In today’s article we will discuss some Income tax provisions related to house property which can be used for saving tax in the hand of tax payer.

1. Computation of Income From House Properties:

Steps involved in the Computation of Income from House Property

(1) Computation of Gross Annual Value

(2) Computation of Net annual Value

(3) Computation of Deduction available U/s 24

Basis of computing of Income from House Property:

Income from House property is computed as under :

 Particulars Amount (Rs) Gross Annual value ********** Less : Municipal Taxes (It is deductible when it is born by the owner and actually paid by him during the year. ) (*********) Net Annual value ********** Less : Deduction U/s 24 (i)Standard Deduction @ 30% (Section 24(a)) (*********) (ii)Interest on borrowed Capital (Section 24(b)) (*********) Income from House Property **********

How to determine Gross Annual Value and Net Annual Value

Gross Annual Value is determined as under:

 Step I Find out reasonable expected rent of the property Step II Find out Actual rent received or receivable ( Note 1 ) Step III Higher of the I or II above Step IV Find out Loss due to vacancy Step V Step III minus step IV is the Gross Annual Value

Note 1: Unrealized rent if any has to be deducted from rent received or receivable if certain conditions are fulfilled.

Net Annual Value

Gross Annual Value minus Municipal taxes like property tax, paid by the owner.

Deductions against Income from House Property

Following two types of deductions from annual value are available u/s 24 of the Income Tax Act to arrive at the taxable income from HP.

1. Standard deduction @ 30% of Net Annual value (Note 2)
2. Deduction of Interest on borrowed capital

Note 2: No other deduction towards expenditure such as insurance, repairs, electricity, water supply etc. is allowed.

Some Key Points regarding Income From House Property

1. Until FY 2016-17, Loss under the head Income from House Property could be set off against other heads of income without any limit.
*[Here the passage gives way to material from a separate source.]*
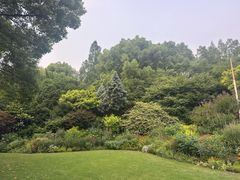 -徐家汇源景区-衡山公园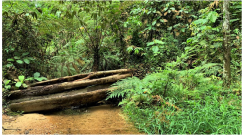 Forests 14 00669 i052 Forests 14 00669 i052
However, from FY 2017-18, such set off of losses has been restricted to Rs 2 lakhs only. This amendment would not effect on self-occupied house property, however this will have an impact on let-out properties. Though there is no bar on the amount of interest that can be claimed as a deduction under Section 24 for a rented house property, but the losses which arises on account of such interest repayment can be set off with other heads of income) only to the extent of Rs 200000.
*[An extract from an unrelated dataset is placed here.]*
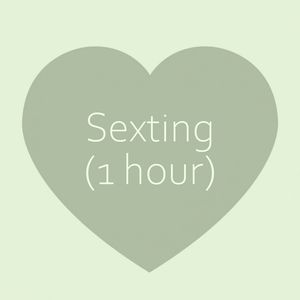 1 Hour Sexting Session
2. Earlier only one property will be treated as a ‘self-occupied property’ and the other property will be taken as ‘deemed to be let out’ Now, from AY 2020-21 onwards two house properties can be taken as ‘Self-occupied properties’

Notes:

a) Here please note that, the assesse do not have an option, either to shown it as ‘deemed to be let out’ or as ‘self-occupied property’ – But it is mandatory that if assesse have two house property he has to consider both as self-occupied.

b)  The main key effect of this amendment is that, earlier if assesse is showing second property as deemed to be let out, and then in that case he is eligible to take deduction u/s 24(b) for interest on housing loan without any monetary limit.

But now henceforth, if he has to consider the second house as self-occupied property only and therefore now he is eligible for total deduction of maximum Rs. 2,00,000/- only towards interest on housing loan of both the properties.

Deduction under Chapter VI-A related to House Properties:

1. Deduction under Section 80C – Towards Principal Repayment

Section 80C also offers deduction in respect of repayment of housing loan take for purchase or construction of residential property. Maximum amount qualified for deduction under section is Rs. 1,50,000. The deduction in respect of repayment of housing loan also falls under this limit. In other words, if taxpayer had made repayment of  Rs.3,00,000 towards principal, he can claim deduction only up to Rs. 1,50,000 under this section .The taxpayer can also claim deduction stamp duty, registration charges and other expenses incurred for transfer of house property in his name subject to maximum limit of Rs.1,50,000. However, if the taxpayer transfers the house property before 5 years, then all the deduction already taken in previous years will be deemed as income in which the house property is transferred.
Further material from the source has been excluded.